Despite all their maneuvering, none of the Roy children ended up running Waystar Royco, the company their father started. Roman sat at a bar, smiling at his insignificance. Kendall watched the Hudson River, still unable to control forces of nature. And, after betraying her brothers, Shiv sat in the back of a car with her husband Tom, who had been named the empty suit successor to Logan Roy.
I really appreciated the ending. Aristotle says the ending of a tragedy should be necessary, it must be inevitable. The actions leading up to the ending define the ending itself such that there’s only one way it could go.
The Succession writers had set up the rules of the world and the ending didn’t bend them at all. Who was best or strongest (or worst) didn’t matter in the end. The structures of power depicted in the show are self-protecting, and reject chaos. Everything the Roys do, that happens during the show, ends up blips on the stock price. The season-long DOJ investigation into the a cruise line scandal peters out and ends in a settlement. The Roys even bet on the stasis of the system when they announced early the results of the election. They relied on the other news orgs following suit with their call; that the system would correct to keep chaos down.

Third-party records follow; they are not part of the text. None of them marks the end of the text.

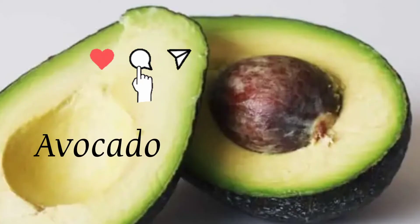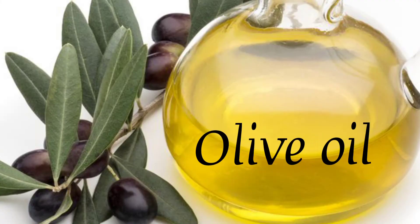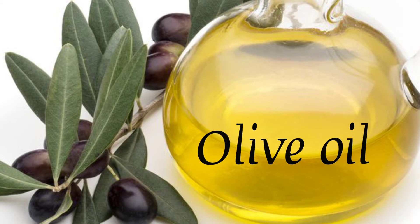Avocado: Blend it until smooth. Use it to replace mayo in salad and spread it on your sandwiches. Olive oil: It can be used to dress a salad or in a pasta dish.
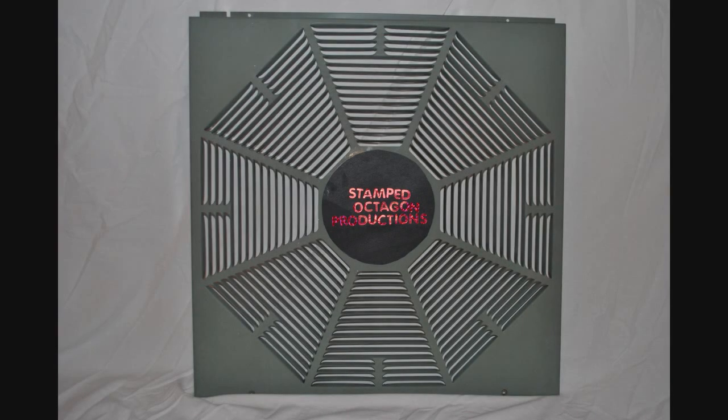There goes the battery. This has been a Stamped Octagon production.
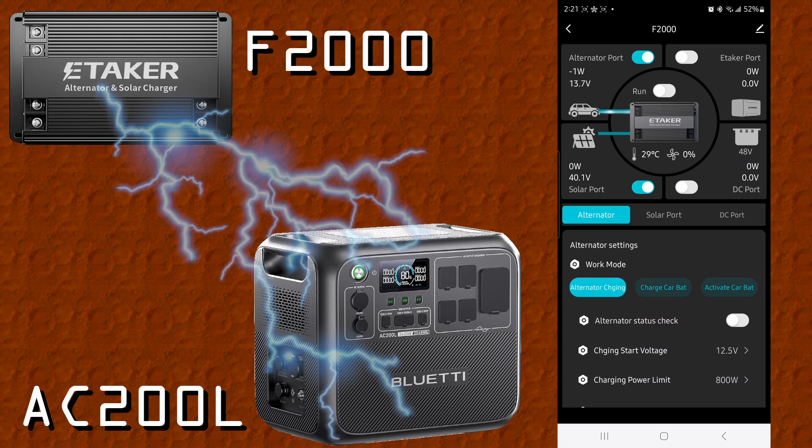The AC200L has been wired up. We checked that it has a maximum voltage of 145 volts, so we can't go over that. It is also limited to 15 amps. The total power you can pump to the AC200L is 1200 watts, but it would be difficult to get that from the ETaker F2000 because we can only go up to 48 volts times 15 amps, which is only around 800 or 900 watts.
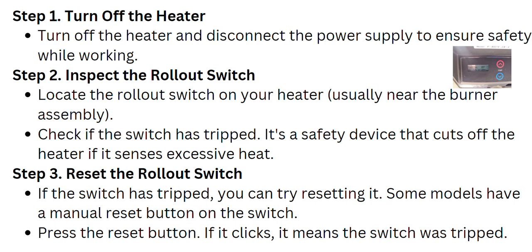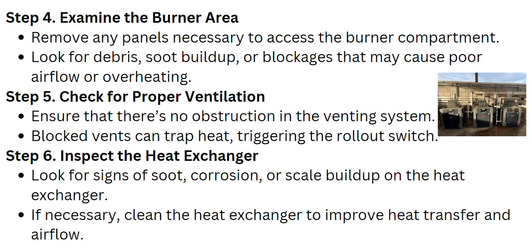If the switch has tripped, you can try resetting it. Some models have a manual reset button on the switch — press the reset button, and if it clicks, it means the switch was tripped.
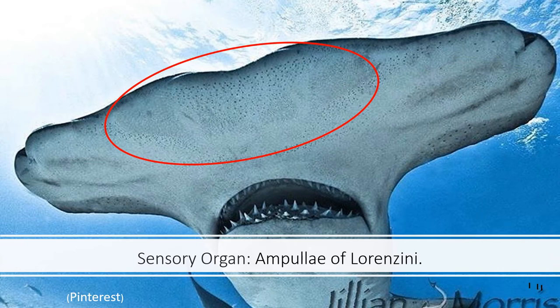All sharks have a very powerful sensory organ: the Ampullae of Lorenzini. These are jelly-filled pores all around their snout that are electro and scent receptors sending signals to their brain. They're so sensitive they're able to feel an electric field given off by living creatures — allowing sharks to sense blood in the water from miles away.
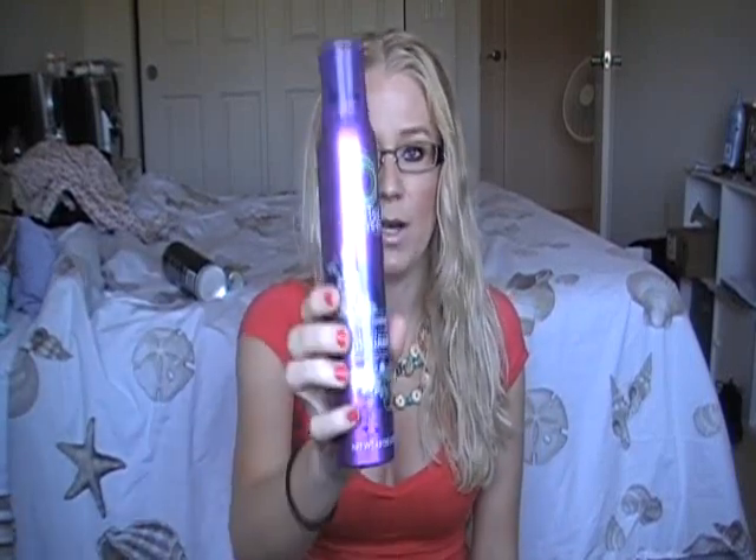After that, use whatever your favorite scrunching mousse, gel, or cream is. I have two I like to switch between right now. One is the Herbal Essences Totally Twisted Curl Boosting Mousse, and the other is the Suave Healthy Curls scrunching mousse. Today I want a beachy, loosey-goosey look so I'm going to use the Totally Twisted — it gives more of a tousled, loose style. If I want tighter curls, I use the Suave instead.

When it came time for a successor to Logan Roy to be chosen, the kids were outside the system, pushing against it. The system chose stasis.
John Gardner, in The Art of Fiction, describes two ways a story can end: with resolution or repetition.
By definition-and of aesthetic necessity-a story contains profluence, a requirement best satisfied by a sequence of causally related events, a sequence that can end in only one of two ways: in resolution, when no further event can take place (the murderer has been caught and hanged, the diamond has been found and restored to its owner, the elusive lady has been captured and married), or in logical exhaustion, our recognition that we’ve reached the stage of infinite repetition; more events might follow, perhaps from now till Kingdom Come, but they will all express the same thing-for example, the character’s entrapment in empty ritual or some consistently wrong response to the pressures of his environment. Resolution is of course the classical and usually more satisfying conclusion; logical exhaustion satisfies us intellectually but often not emotionally, since it’s more pleasing to see things definitely achieved or thwarted than to be shown why they can never be either achieved or thwarted. Both achievement and failure give importance to the thing sought; we can feel about it as we feel about values.
Resolution is more satisfying. In Succession, there’s a sense that Roman gets resolution. He recognizes his situation is ‘bullshit.’ Kendall and Shiv, though, are doomed to repeat, and will continue to move and push against their situations.
But it’s repetition. The future sociopathic adventures of Kendall, Shiv and Tom are not part of the story of Succession.
The question of the show was answered, and that’s where we were left. It wasn’t satisfying, but it didn’t need to be. The tragedy of the Roy siblings was that they were only ever creatures of ambition.